The procedural differences in a Contempt proceeding include the fact that the defendant is entitled to an oral hearing, as opposed to merely defending a Motion brought on Affidavit evidence. This creates scheduling difficulties and longer lead times and adds to cost.

It is possible, however, with a view to controlling cost and minimizing delays, for the Affidavit evidence supporting the Motion for Contempt to be accepted as the deponent’s evidence-in-chief, with the complaining party being cross-examined on their Affidavits. Similarly, the issue can be addressed by having a pre-motion examination for discovery on the Affidavits and then a proceeding using Affidavit evidence and those transcripts.

Because of the potential remedies in a Contempt proceeding, compliance with the applicable Rules of Civil Procedure is often strictly construed and much more rigorous. There is an enhanced level of clarity and specificity as to the alleged breaches (who, what, when, where, why) that must be contained in the Notice of the proceeding (although there is some case law stating that you can look to the combined presentation in the Notice of the proceeding and the supporting affidavits). Hearsay evidence, unless not challenged or not central to the issues, is generally prohibited. The Court Orders in question need to be specifically clear as to the actions necessary to comply, or to avoid breaching, though there is some jurisprudence that states that one must comply with the spirit and intent of a Court Order.

Therefore, in most circumstances, there is not much to be gained by pursuing a Contempt procedure as opposed to a Compliance Motion, unless previous Compliance Motions have proven to be futile.

Satisfying the Burden of Proof

In a Contempt proceeding, proof to a standard of beyond a reasonable doubt is often enhanced by third-party evidence and showing a persistent pattern of behavior, despite communications about the prior breaches. In Canada, it is not necessary to prove any intent to interfere with the administration of justice, but merely intent or recklessness regarding a known requirement of the Court Order. The proof required is not that the alleged contemnor knowingly chose to disobey a Court Order, but merely that the offending parent committed an intentional act or omission that itself involves a breach of the Order.
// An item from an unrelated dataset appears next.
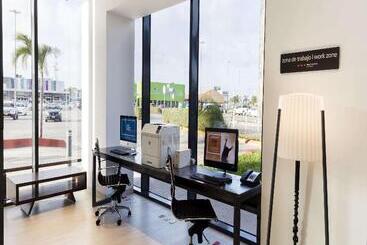 Hotel Hampton Inn By Hilton Cancun Cumbres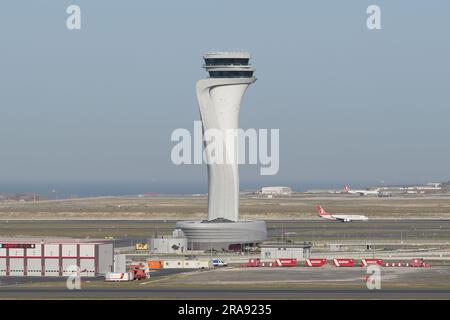 ISTANBUL, TURKIYE - 17. SEPTEMBER 2022: Flugverkehrskontrollturm des Flughafens Istanbul Stockfoto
There is a difference between the complaining parent’s legal burden of proof, however, and the evidential burden of proof. Once the complaining parent has demonstrated a clear Court Order and an intentional act or omission (or reckless act or omission) that involves a non-compliance with that Order, the defendant must respond with evidence to demonstrate sufficient legal justification for the non-compliance in the circumstances. This is a shift of the “evidential burden,” not a shift in the burden of proof.

Defenses in such circumstances involve proving mitigating factors or having purged the Contempt and offering compensation, such as makeup time.

Older case law struggled with describing the expected exercise of parental authority and the expected effectiveness of a parent, when examining the asserted defenses of the defendant. In almost all cases the offending parent states that they were “encouraging” the child to attend for their parenting time with the other parent and had told the child that going to the other parent was acceptable to them, but that they “couldn’t get the child to go.” This rather facile defence was in some cases actually considered satisfactory.

More modern case law, however, is clear on the necessity to demonstrate good faith and effective parenting, as if the issue was the child’s refusal to go to school or refusal to go to a doctor. Parents must demonstrate compliance with parenting Orders by indicating what guidance, boundaries, incentives and consequences they are deploying in their parenting and how those have been escalated over time if the children nonetheless continue to refuse to obey their parental directives.

The jurisprudence is clear that “leaving it up to the child” to decide whether or not to attend parenting time with the other parent can be Contempt of Court, since it results in an abdication of parental authority on the issue of parenting time. Passively permitting Court Orders to be undermined, without taking all reasonable steps to cause the children to comply, is generally held to be Contempt. The typical permissiveness and submissiveness betrayed by alienating parents results in overpowered children who act in dysfunctional and antisocial ways.